Bastava trocar os comandantes, ora
Bueno prosseguiu ao afirmar que não é verdade que o golpe deixou de ocorrer porque os comandantes militares não concordaram. Ele faz um raciocínio tão simplório que se torna obtuso. Diz que, se assim quisesse, Bolsonaro teria substituído aqueles que não concordaram com o plano. O advogado parece zombar da inteligência alheia.
Se, a semanas de deixar o cargo, o ex-presidente substituísse os chefes das Forças, seria escancarar para a sociedade que havia algo de muito anormal. Ainda mais com a agitação em curso, o presidente sem fazer um gesto para reconhecer o resultado da eleição, os acampamentos diante dos quartéis, a mobilização de fanáticos nas redes. Só se esperasse que ele colocasse logo um anúncio de insurreição para passar na hora da novela. Era caso de ser preso em flagrante, ainda mais pelos que fossem demitidos depois de lhes ter sido proposto que dessem um golpe.
Além do mais, imaginar que novos comandantes iriam cair de paraquedas e já liderar um levante contra a ordem constitucional é fazer um juízo sobre as Forças Armadas que é demais até para a história brasileira. Trata-se de algo que o próprio Bolsonaro nunca ignorou. Quando colocou o cearense Paulo Sérgio Nogueira como ministro da Defesa, ele salientou o fato de o general “ter a tropa na mão”. Não é algo automático, que vem com a nomeação. Ainda mais quando está em questão a adesão a uma ruptura institucional.
Sinais de Bolsonaro
Bueno foi mais longe.

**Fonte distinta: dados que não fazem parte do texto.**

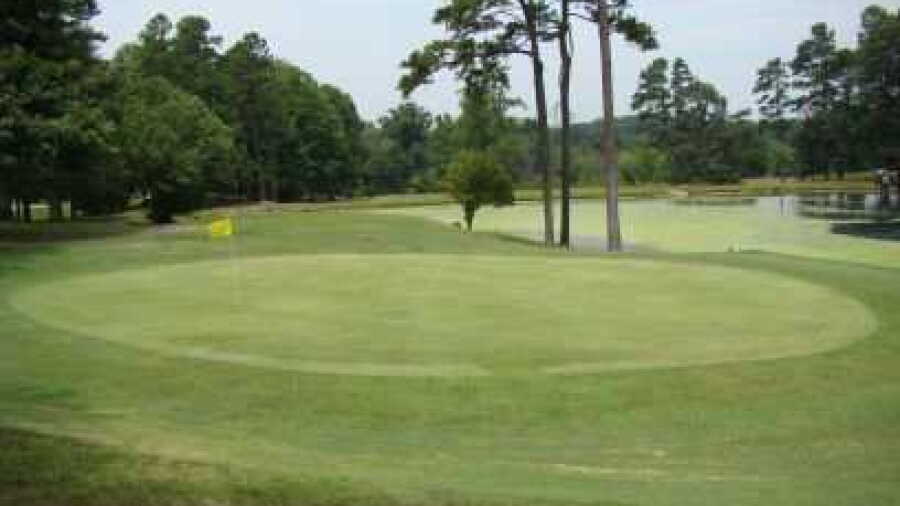 Walnut Wood GC: #3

Sobre a postura de Bolsonaro após encontrar os chefes das Forças, ele disse: “Os atos posteriores do presidente foram totalmente voltados a desestimular seus apoiadores e seus eleitores a qualquer forma de não reconhecimento da vitória eleitoral do presidente Lula”. Aí é ir além de qualquer limite. O sujeito nunca chegou a reconhecer a derrota. Foi para os Estados Unidos para não passar a faixa. Vários auxiliares emitiam mensagens que estimulavam delírios. O ex-presidente agiu, sim, para pedir para não bloquearem estradas, com medo do impacto na economia. Logo foi obedecido. Se tivesse pedido para reconhecerem o resultado eleitoral e irem para casa, tudo teria cessado e o 8 de janeiro e atos relacionados jamais teriam ocorrido. Ele se omitiu, e fez mais que isso.